In our everyday world, Mr. Ed (hubby dearest) and I have a winter environment that looks like this. Not quite what you'd picture as camping-friendly. We live in the northern part of Idaho, where it stays this way for quite some time.
So this year, as an experiment, we decided to try something that we hoped would help to make the winter pass faster. We hauled our vintage Airstream 120 miles away from home, to a lower-elevation RV park that stays open year-round. It's right along the mighty Salmon River, in some incredible Idaho country.
See what I mean? It's amazing in all directions.
The trailer really serves as a cabin, and is warm and cozy in all weathers. At this locale, it's rare for the snow level to come all the way down to the river, but on one of our visits, it did. We didn't care. We just snuggled in and watched another movie instead of doing something outside.
Our latest visit coincided with Groundhog's Day, also the midway point of winter. Once there, we found a hidden pocket of spring.

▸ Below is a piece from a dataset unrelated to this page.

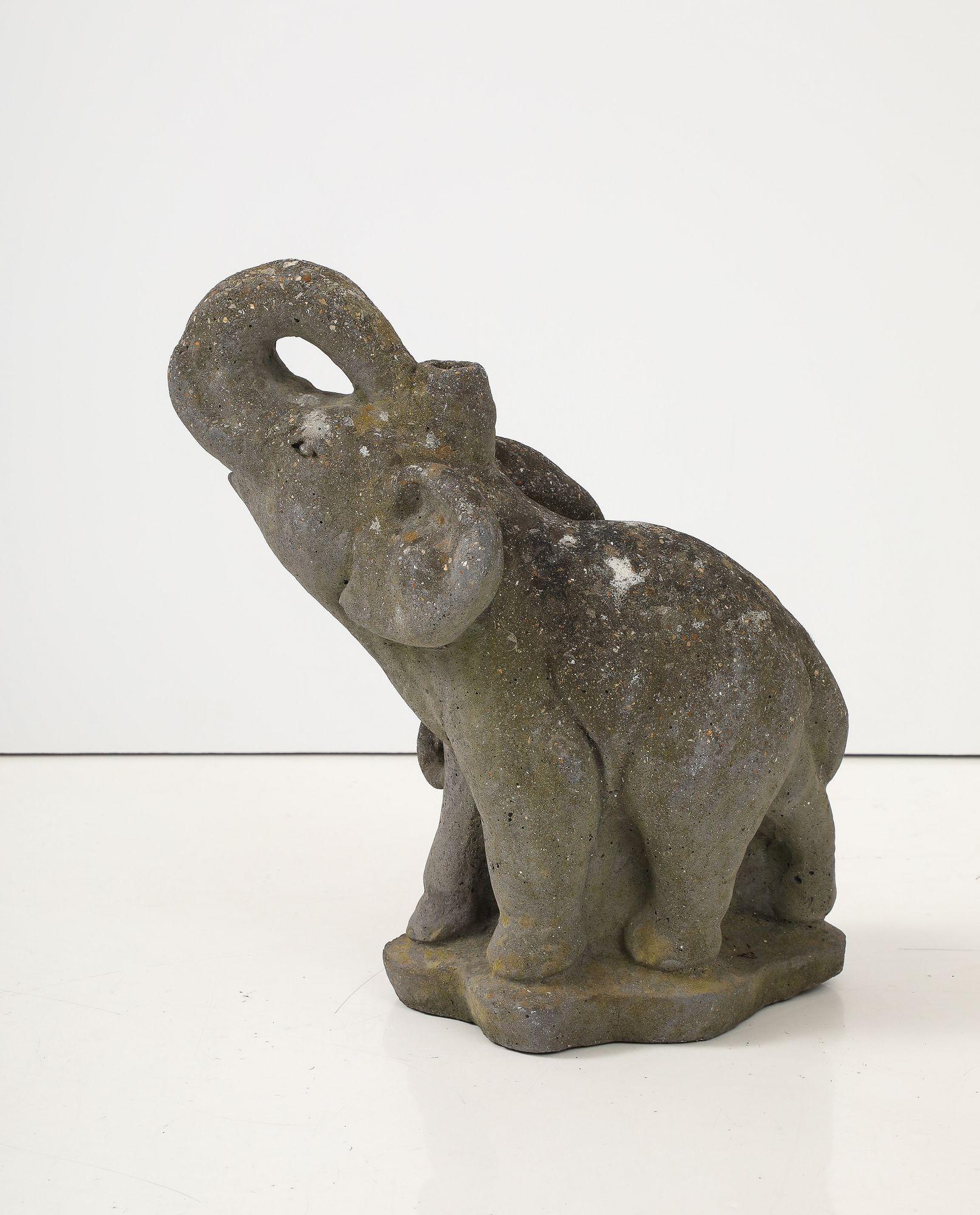 Ornement de jardin en pierre représentant une mère et un bébé éléphant, France, milieu du 20e siècle en vente 3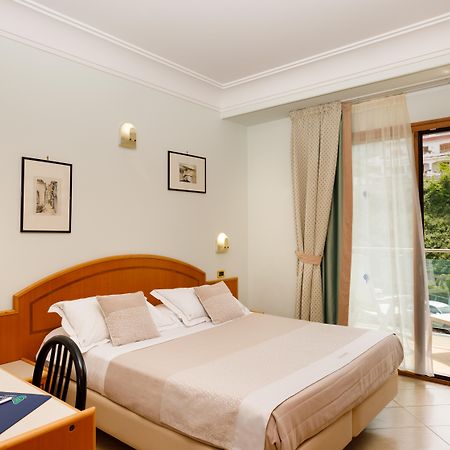 Hotel Gardenia Sorrento, Ascend Hotel Collection Екстериор снимка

It had been months since I'd been able to sit outside, soak up rays, and put something pretty out on a table.
I opened up doors and windows on the old girl and let her breath in some great fresh air under a perfect blue sky.
We walked along the river and scouted out little beaches.
This was our first morning view out the back window of the Airstream.
By the time we had to drive back up to the snow country, we felt like we'd truly had a break and an escape.
Is the long-distance camping experiment working out so far? You bet--I'll even drink a toast to it!